**Scraped caption text data:**
►
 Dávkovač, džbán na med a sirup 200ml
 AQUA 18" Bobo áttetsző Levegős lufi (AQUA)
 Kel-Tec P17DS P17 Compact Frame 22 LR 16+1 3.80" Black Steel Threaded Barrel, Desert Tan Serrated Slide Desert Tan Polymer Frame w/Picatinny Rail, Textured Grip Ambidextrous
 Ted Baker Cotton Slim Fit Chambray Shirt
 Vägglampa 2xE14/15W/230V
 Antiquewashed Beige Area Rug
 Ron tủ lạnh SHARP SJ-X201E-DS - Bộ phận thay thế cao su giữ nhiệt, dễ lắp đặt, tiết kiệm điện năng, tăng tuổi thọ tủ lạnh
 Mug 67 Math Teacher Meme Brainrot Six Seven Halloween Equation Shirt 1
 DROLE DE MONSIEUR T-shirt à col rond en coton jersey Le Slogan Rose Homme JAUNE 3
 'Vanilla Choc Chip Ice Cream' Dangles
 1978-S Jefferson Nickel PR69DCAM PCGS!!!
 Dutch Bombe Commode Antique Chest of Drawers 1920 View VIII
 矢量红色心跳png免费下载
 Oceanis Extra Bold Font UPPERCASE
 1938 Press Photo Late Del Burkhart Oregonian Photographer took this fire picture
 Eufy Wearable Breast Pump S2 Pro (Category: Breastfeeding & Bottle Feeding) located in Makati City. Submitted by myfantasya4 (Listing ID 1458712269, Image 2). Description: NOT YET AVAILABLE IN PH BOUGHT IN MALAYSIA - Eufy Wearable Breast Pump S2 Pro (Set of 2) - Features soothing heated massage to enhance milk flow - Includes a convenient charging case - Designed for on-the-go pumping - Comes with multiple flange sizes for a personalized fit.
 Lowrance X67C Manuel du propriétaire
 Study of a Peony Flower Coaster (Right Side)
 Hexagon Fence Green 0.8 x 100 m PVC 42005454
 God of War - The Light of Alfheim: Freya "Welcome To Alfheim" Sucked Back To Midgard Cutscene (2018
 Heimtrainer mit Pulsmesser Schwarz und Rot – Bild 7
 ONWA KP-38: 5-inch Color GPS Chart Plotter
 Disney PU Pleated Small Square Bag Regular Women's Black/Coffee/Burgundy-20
◄
**Problem details:** Show all lines in the records above that hold "Black".

**Solution for this problem:**
 Kel-Tec P17DS P17 Compact Frame 22 LR 16+1 3.80" Black Steel Threaded Barrel, Desert Tan Serrated Slide Desert Tan Polymer Frame w/Picatinny Rail, Textured Grip Ambidextrous
 Disney PU Pleated Small Square Bag Regular Women's Black/Coffee/Burgundy-20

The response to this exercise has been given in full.